How to expel an MP from Parliament: The ejection of John Wilkes in 1764

John Wilkes was well known for treading a fine line in his outspoken comments against the government, but in 1763 Parliament decided he had gone too far. Here Dr Robin Eagles, editor of our House of Lords 1715-1790 project, reflects on the case Parliament built against him and how they finally expelled Wilkes from the Chamber

On 19 November 1763 Colonel Bate, reporting affairs in Parliament to the earl of Moira, observed John Wilkes to be ‘in a fine pickle’. He had both Lords and Commons on his back ‘and a shot in his belly’ following his ill-advised duel with fellow MP Samuel Martin three days before. [PRONI, D2924] The opening of the new parliamentary session on the 15th had seen Wilkes under fire in the Commons for North Briton number 45. The Lords, meanwhile, had been subjected to a lengthy address by the earl of Sandwich over Wilkes’s printing of the pornographic Essay on Woman.

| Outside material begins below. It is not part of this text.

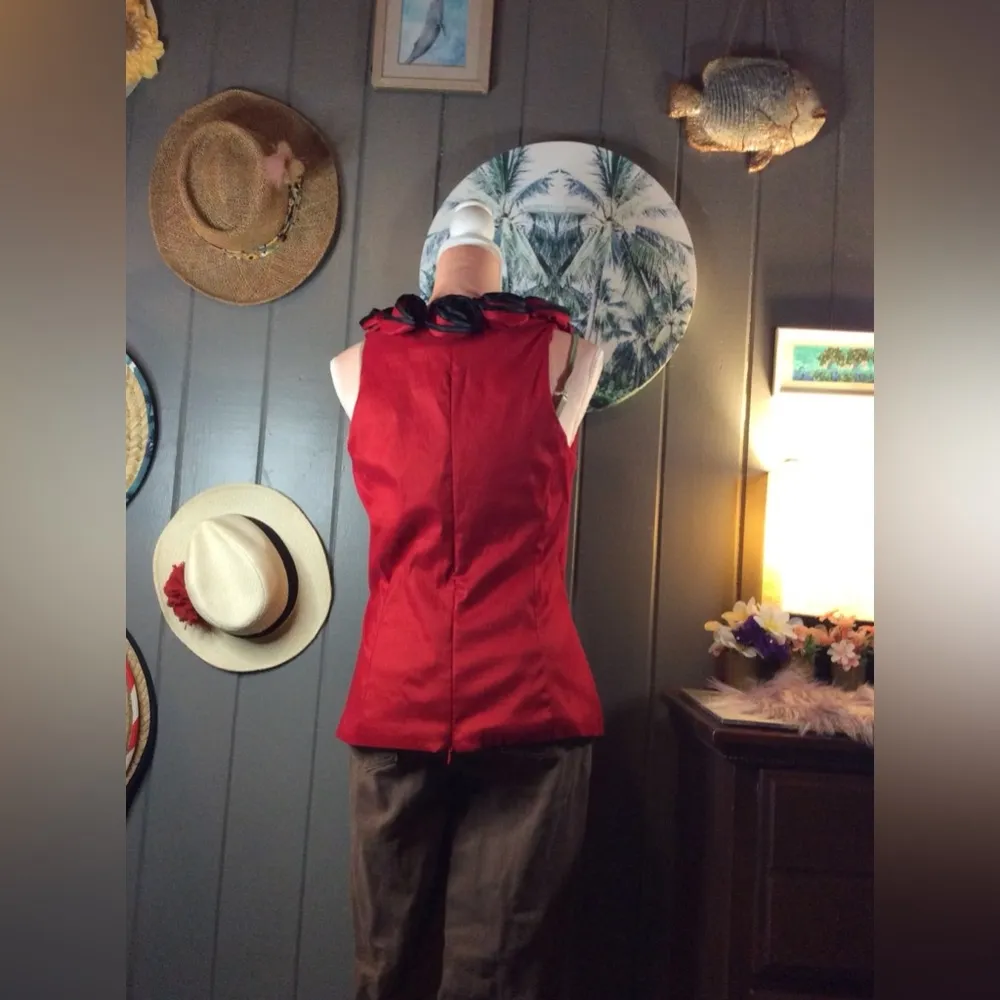 Rose Embellished Dressy Sleeveless Red Top Medium - Image 4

Wilkes’s foolish decision to attribute the lengthy, pompous annotations to William Warburton, bishop of Gloucester, had provided the ministry with an opportunity to prosecute him for breach of privilege against a member of the Lords. The pincer movement had taken Wilkes by surprise: his allies had struggled to contain their own annoyance with him, and by the close of proceedings on the 15th (truly early on the morning of the 16th) he had been in such desperate straits that Bishop Warburton assessed his challenge to Martin to be tantamount to a suicide attempt.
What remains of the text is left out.